== Task details ==
When you transcribe the lines below, keep every word the same and leave the pictures behind.

:: Supplied data

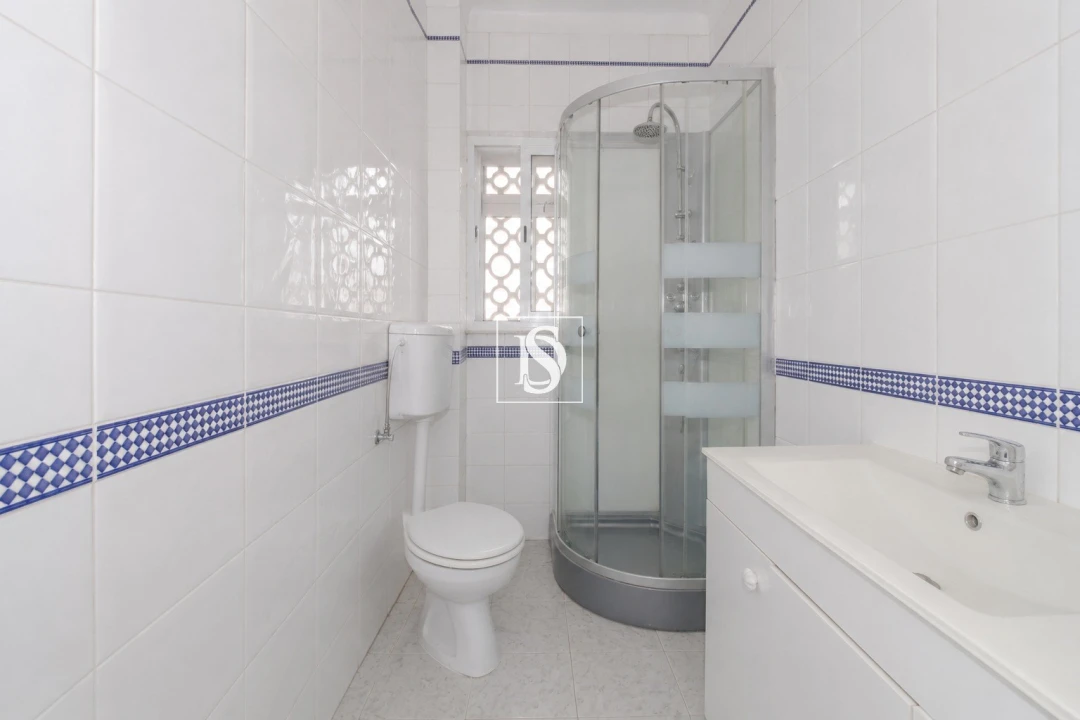 Apartamento T1 para Venda em Alvalade Foto 19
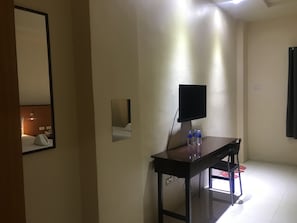 Habitació familiar | Escriptori, espai de treball apte per a portàtils i wifi gratuïta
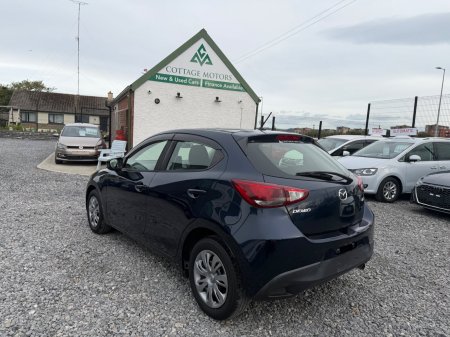 2015 Mazda Demio - photo 10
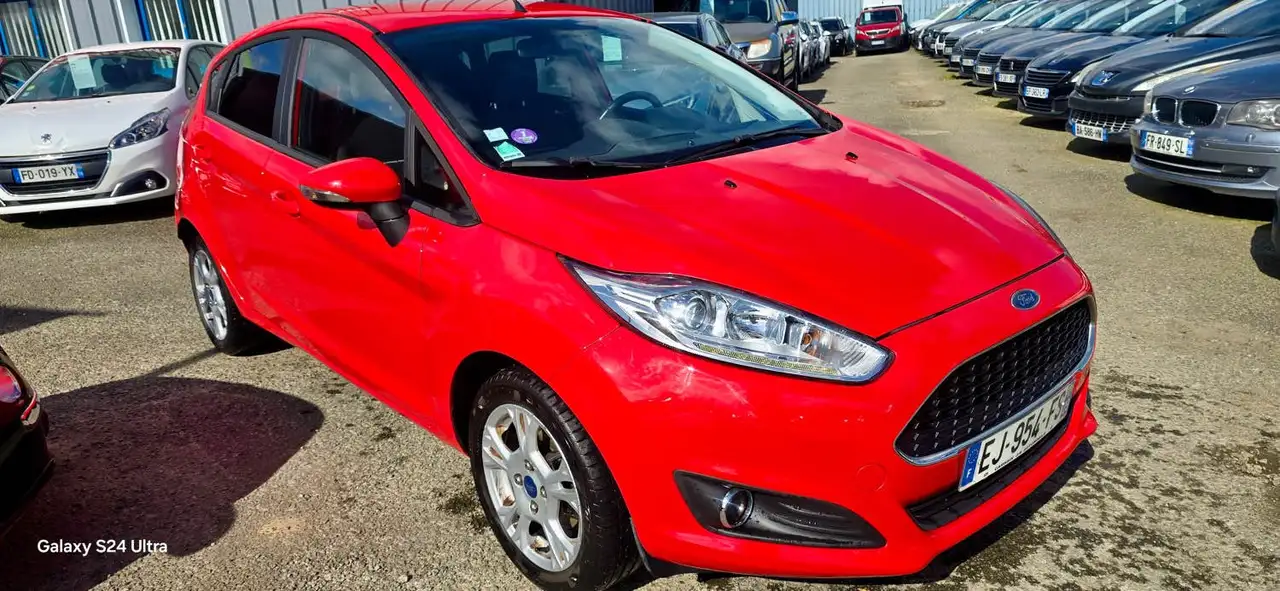 Ford Fiesta 1.25 82ch — photo 1 of 8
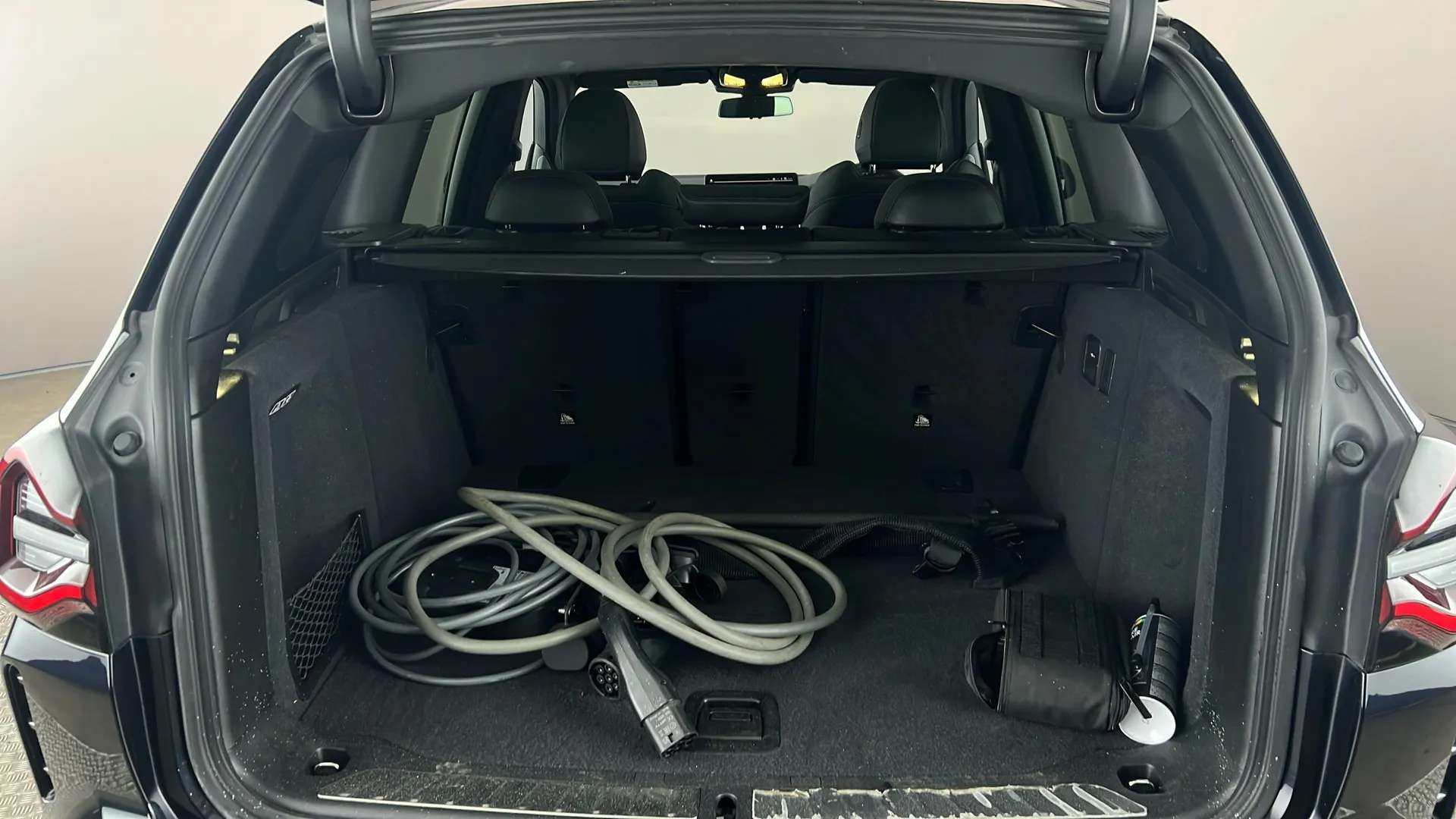 2023 BMW IX3 2023 BMW IX3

::::

== Problem solution ==
 Apartamento T1 para Venda em Alvalade Foto 19
 Habitació familiar | Escriptori, espai de treball apte per a portàtils i wifi gratuïta
 2015 Mazda Demio - photo 10
 Ford Fiesta 1.25 82ch — photo 1 of 8
 2023 BMW IX3 2023 BMW IX3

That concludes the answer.